Bütün dünyada en fazla ihtiyaç duyulan şeylerden birinin yüz yüze iletişim olduğuna inandığını ifade eden Yılmaz, ''Dünyada teknoloji ne kadar gelişse de sanal ortamlar ne kadar ilerlese de hiçbir şey yüz yüze iletişimin yerini tutamaz'' dedi.

Yılmaz, festivalde gençlerin problemlerinin ön plana çıkmasını temenni ettiğini belirterek, yaptıkları çalışmalarda gençlerin en çok öne çıkan sorunlarının eğitim ve istihdam olduğunu bildirdi. Ancak bu iki konuda Türkiye'de güzel gelişmeler olduğunu ve hükümet olarak bir taraftan eğitimin her kademesine çok ciddi yatırımlar yaparken üniversiteli öğrenci sayısının son 10 yılda 1,1 milyondan 2,1 milyona çıktığını anlatan Bakan Yılmaz, şunları söyledi:

''Şu anda Türkiyemizde 165 üniversite var. Bunlara ciddi yatırım yapıyoruz. Burslarımızla yurtlarımızla diğer imkanlarımızla öğrencilerimizin yanında olmaya çalışıyoruz. Bir diğer konu genç nüfusun istihdamı. Küresel krizle birlikte gençler istihdam sorununu daha yoğun bir şekilde yaşıyorlar. Bu konuda da hükümet olarak çok ciddi çalışma içindeyiz. Son 2 yılda da genç istihdamında önemli gelişmeler sağladık. Genç işsizliğinde geriye gidiş söz konusu. Ama bunu devam ettirmeliyiz. Gençleri istihdam eden şirketlerden sigorta primi almıyoruz belirli şartlar dahilinde. Gençlere dönük eğitim programları, aktif iş gücü politikaları uyguluyoruz. İşkur aracılığıyla eğitim programları uyguluyoruz. SODES gibi, kalkınma ajansı gibi çeşitli mekanizmalarla yine gençlerimizin donanımına onları iş gücü piyasasına hazırlayan programlar yapıyoruz.''

Konuşmaların ardından bakanlara festival tişörtü sunuldu.
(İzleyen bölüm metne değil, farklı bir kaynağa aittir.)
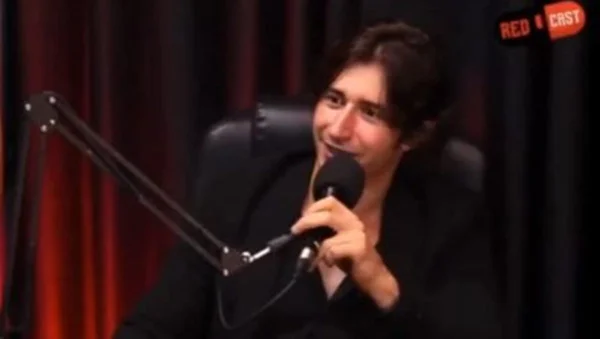 Foto colorida de influenciador dando declaração a podcast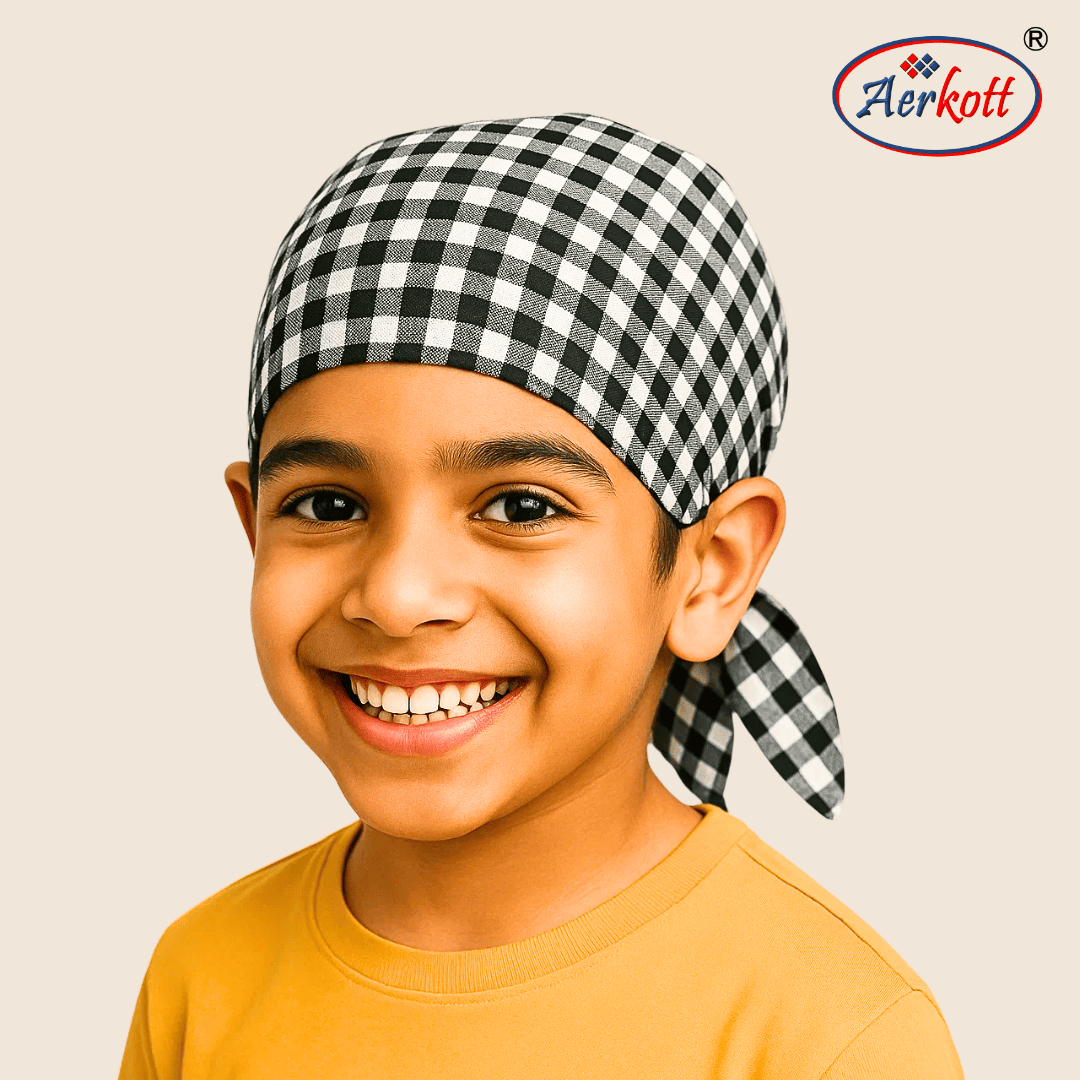 Child wearing a black and white checkered headscarf or 2 tani patka dastar bandwith Aerkott logo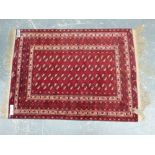 A GOOD QUALITY AFGHAN BOKHARA RUG. 182 x 133cms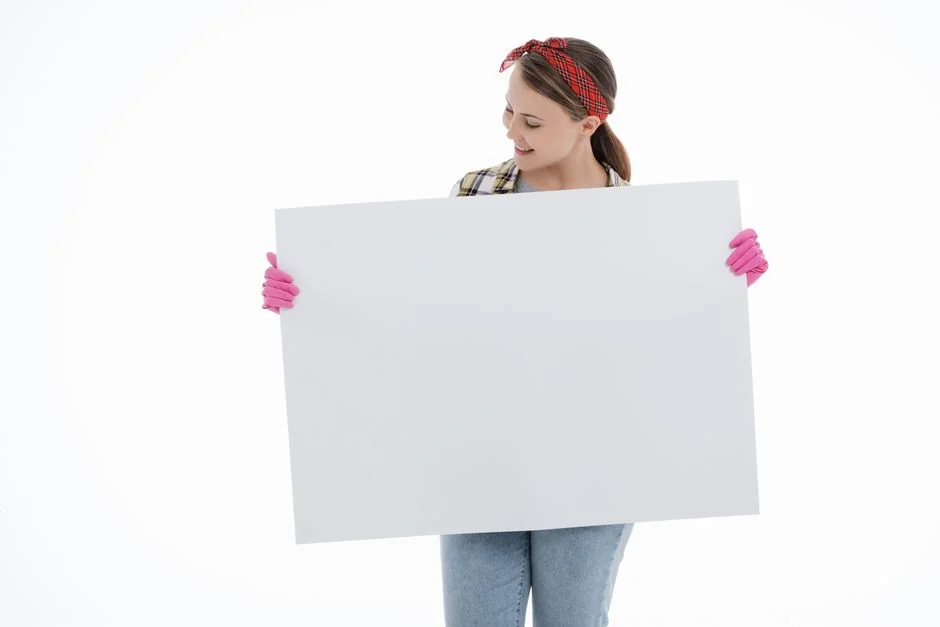 A woman carefully wraps a sofa in protective material while packing boxes in a bright room.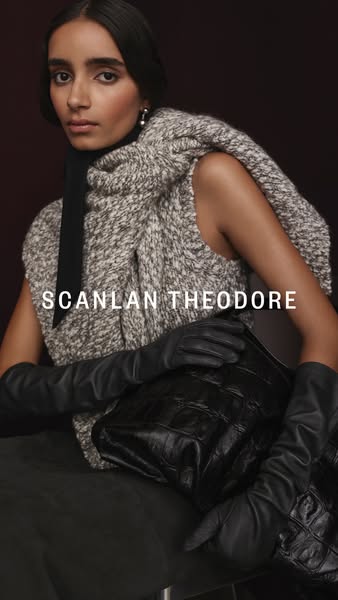 This ad showcases a woman wearing Scanlan Theodore clothing, including a wool vest, black top, black gloves and holding 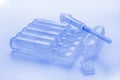 Blue ampules and syringe Royalty Free Stock Photo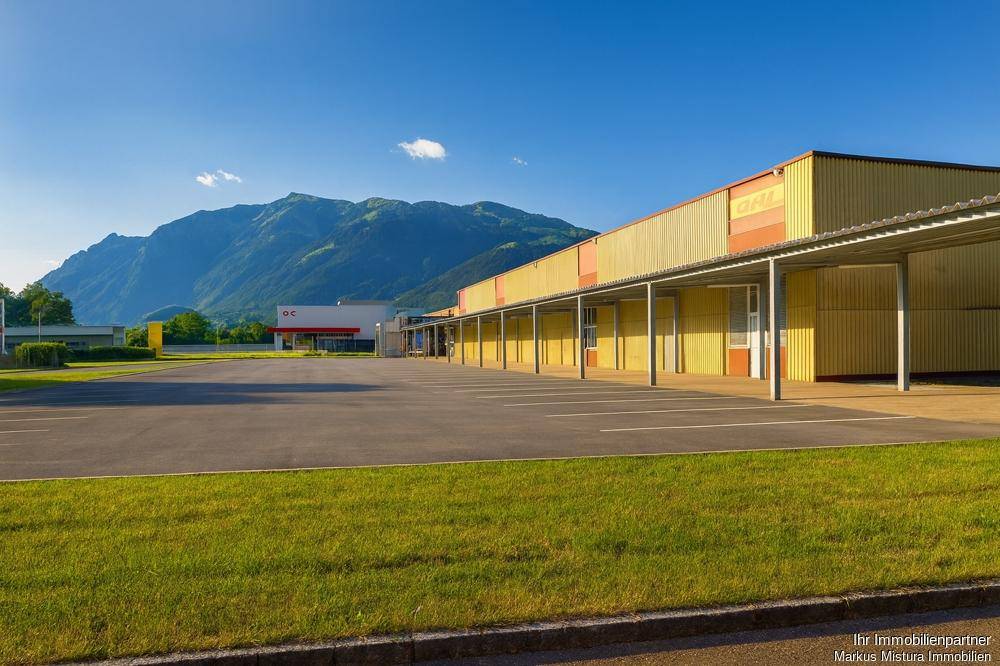 Weitläufiger Parkplatz vor einem Industriegebäude mit grüner Rasenfläche und beeindruckendem Bergblick.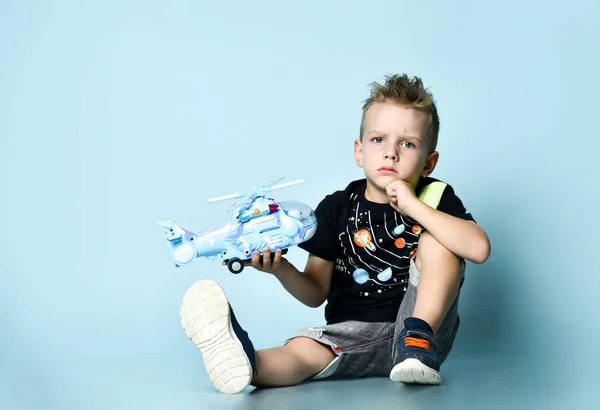 Pozitif sarışın çocuk şık günlük giysiler içinde yerde oturuyor ve elinde oyuncak helikopterle mavi arka planda bekliyor. — Stok fotoğraf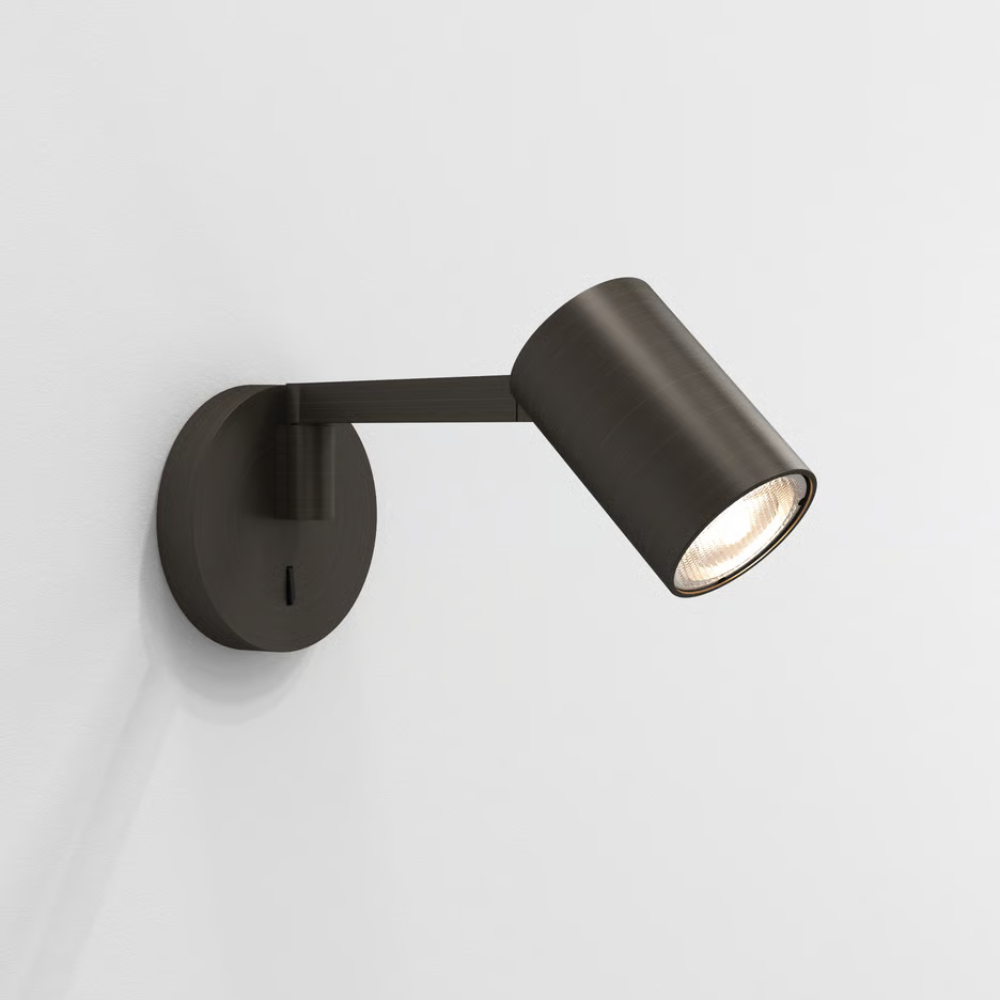 The bronze Ascoli Swing Reading Light from Astro Lighting in a living area.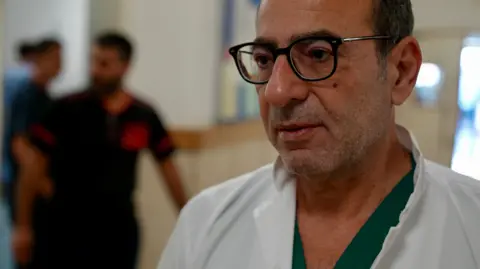 Dr. Goktay Koraltan Hassan Wazni poses for a photo in Nabih Berri government hospital. He is a middle-aged man wearing a white doctor's coat, green clothes, and black-rimmed glasses.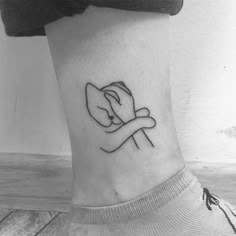 a black and white photo of a woman's foot with a tattoo on it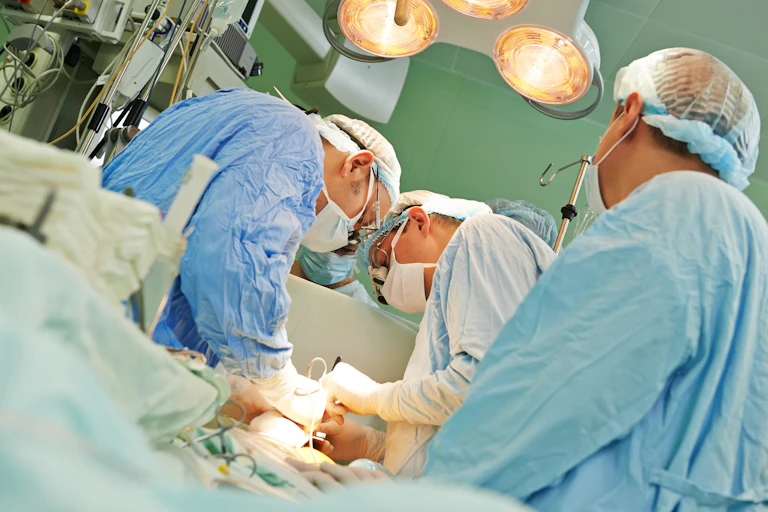 Three surgeons in blue scrubs work on a patient.
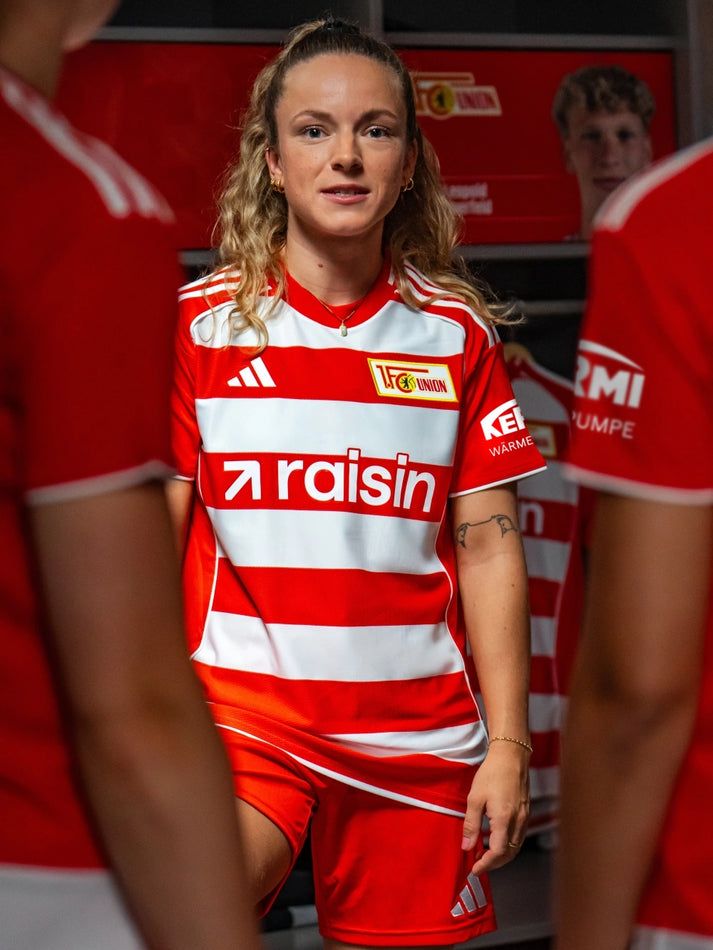 Eine Spielerin in einem rot-weiß gestreiften Fußballtrikot steht in einer Umkleidekabine.
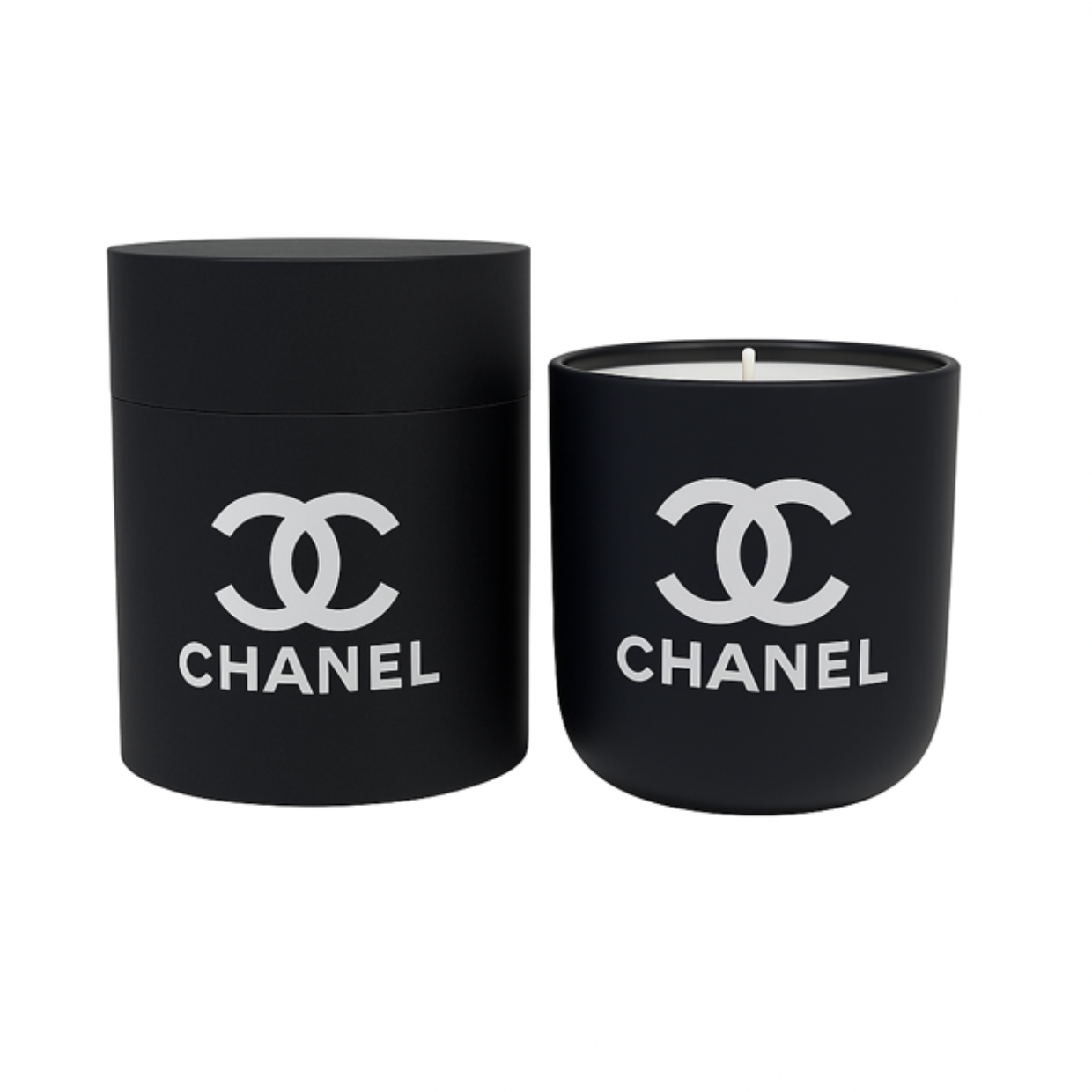 The Black Ceramic Designer Candle sits beside its matching cylindrical container, both in black ceramic and decorated with the white Chanel logo.
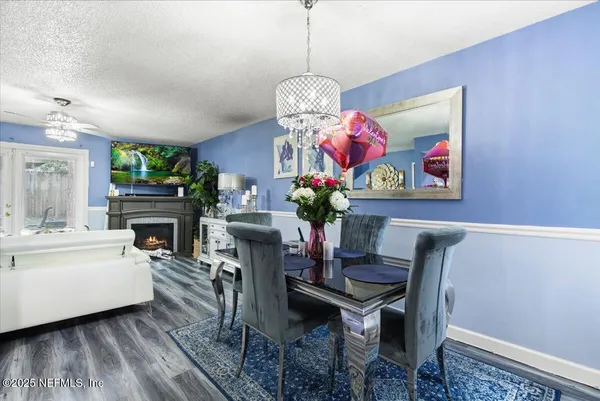 a view of a dining room with furniture a chandelier and wooden floor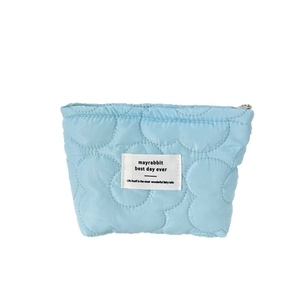 Light blue quilted floral makeup pouch with soft padding and silver zipper closure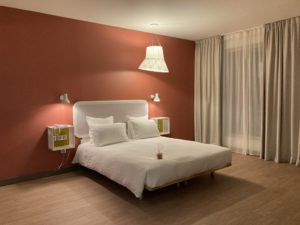 Chambre adaptée avec grands espaces autour du lit, au centre de l'image un lit avec draps blancs 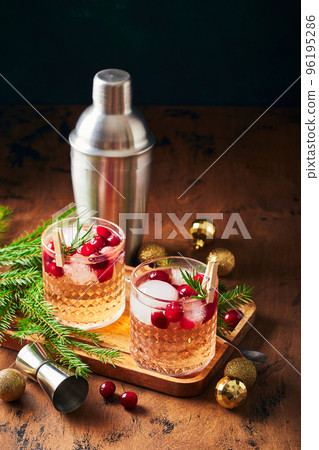 Alcoholic cocktail or non-alcoholic cocktail with vodka and cranberries with ice, shaker, jigger and bar spoon, fir branches and glowing garland for christmas on wooden background 96195286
Bakanlar daha sonra üniversitenin karşısında bulunan festival alanına geçerek değişik ülkelerden gelen gençlerin ve kurumların açtığı stantları gezdi.

Dün başlayan Gapgenç Festivali'ne 60 ülkeden bin 500'i kayıtlı olmak üzere binlerce genç katılıyor.